東京電力グループの会社ワットラインサービスで電気メーターの取り替え工事などに従事していた高野清さん(58)が、雇い止めの撤回を求めて10月7日、東京地方裁判所に提訴した。高野さんと労働組合(全労連・全国一般東京地方本部)は、契約上は個人請負になっているが、解雇や雇い止めを規制している労働契約法上の労働者だと主張しているのが特徴だ。

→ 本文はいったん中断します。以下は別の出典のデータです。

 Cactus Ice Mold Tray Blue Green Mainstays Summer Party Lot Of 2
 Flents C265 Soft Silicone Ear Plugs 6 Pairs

ワットラインサービスは、東電の送電事業を担う東電パワーグリットが出資する東光高岳の100%子会社である。高野さんは1995年から取り替え工事などに従事してきたが、今年3月に契約を打ち切られた。会社側は高野さんについて、スマートメーターを交換する工事のミスなどの反則点が規定の点数を超えたため、打ち切ったと説明している。
●後出し処分は不当
訴状によれば、裁判では(1)高野さんが労働契約法上の労働者に当たるか(2)その場合、雇い止めに合理性があるかどうか――が争点。労働者性の判断に当たっては、企業組織への組み入れの有無や、仕事を受けるかどうかなどの諾否の自由の有無、時間や場所の拘束の度合いといった基準が適用される。
この点で原告側は、高野さんが事業所の指揮監督下で働いていたと主張。一定の稼働日数や工事数のノルマが課せられ、服務規程まで定められていたことなどを挙げ「(認定が厳しい)労働基準法の労働者に限りなく近い働き方になっていた」という。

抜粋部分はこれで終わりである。